Высказывание от собственного имени единично и мотивировано ситуацией пребывания в больнице: «Славы желаю! / Способ придумаю / Быть или ведомой / Или ведомою, / Словно девица – натурой, / Падшею архитектурой. // Чтобы её и меня поминали вдвоём, / (Словно поп-группу, автографы же не даём). // Чтобы её и меня совмещали в тетради / (пушкин-у-моря, степанова-на-балюстраде)» («Балюстрада в Быково», 2004) [Степанова, 2010, с. 95]. Предъявление себя миру иронически опосредовано аллюзией на Пушкина: сначала подразумевается стихотворение «Желание славы» (1825), потом картина К. Айвазовского «Пушкин на берегу моря» (1887), иллюстрирующая стихотворение «К морю» (1824).
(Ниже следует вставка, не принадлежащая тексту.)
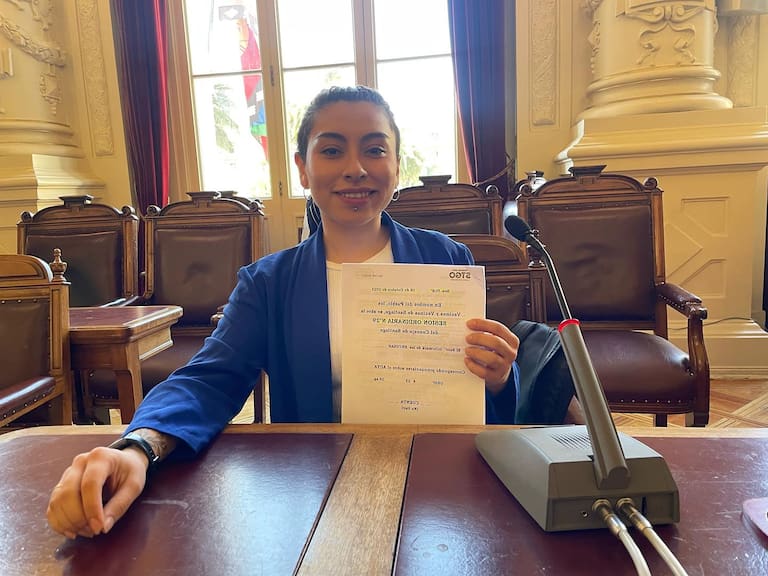 Vendía entradas de cortesía a Fantasilandia: Contraloría oficia a Municipalidad de Santiago por concejala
К биографическому высказыванию относится указание на семейные корни. Как В. Павлова посвятила стихи бабушке Розе, «прамаме моей» («О самый музыкальный на этом свете народ…», 1994), Степанова посвятила дистих прабабушке, которая прошла по всем этапам революции, героическим и репрессивным: «По сердцу идёт пароход / Из тридцать девятого года. / А в горле – ч/б – баррикада. / На коей прабабушка Сара» («Сарра на баррикадах», 2004) [Степанова, 2010, с. 81]. Тема стихов психофизиологическая – «явление новой породы» людей и их судьба, и включены они в сборник «Физиология и малая история», обозначивший координаты существования поэта.
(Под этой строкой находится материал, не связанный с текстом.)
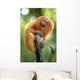 Golden Lion Tamarin Wall Decal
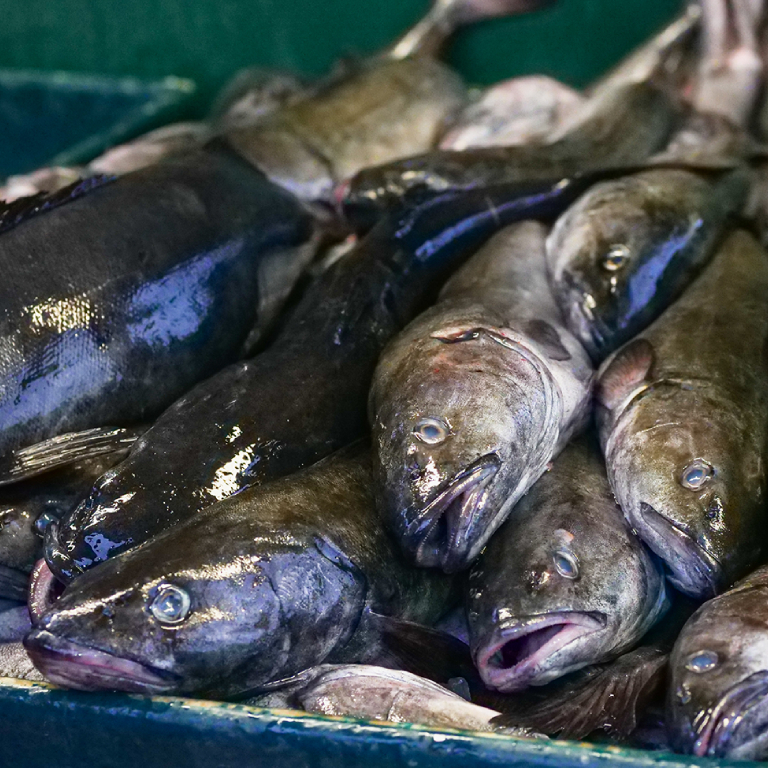 salmon fish in dubai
Вера Полозкова культивирует собственный тип лирической откровенности как факсимильный знак: безоглядная резкость, искрен-

33

ность силы. Автобиографичность колеблется от беззащитной исповедальности до иронии. Внешность заявлена уже не одним «маяковским» ростом, но важным для девушки взором, хотя и сниженным до просторечия: «Дело не в нём, это вечный твой дефицит тепла, / Стоит обнять, как пошла-поехала-поплыла, / Только он же скала, у него поважней дела, / Чем с тобой тетёшкаться, лупоглазой» («Вот бы город как город, а стал затопленный батискаф…», 22 января 2008 года) [Полозкова, 2011, с. 80]. Художественная игра строится на контрасте грубоватой простоты и не менее простодушного приятия ранней славы, отождествления собственного имени с именем собственным. Имя без стеснения помещается в самый вызывающий контекст: «Прямо вот души не чает / В Вере мыслящий народ: / Всё, что ей не поручают – / Непременно проебёт!» («Проебол», 14 октября 2005 года) [Полозкова, 2009, с. 100].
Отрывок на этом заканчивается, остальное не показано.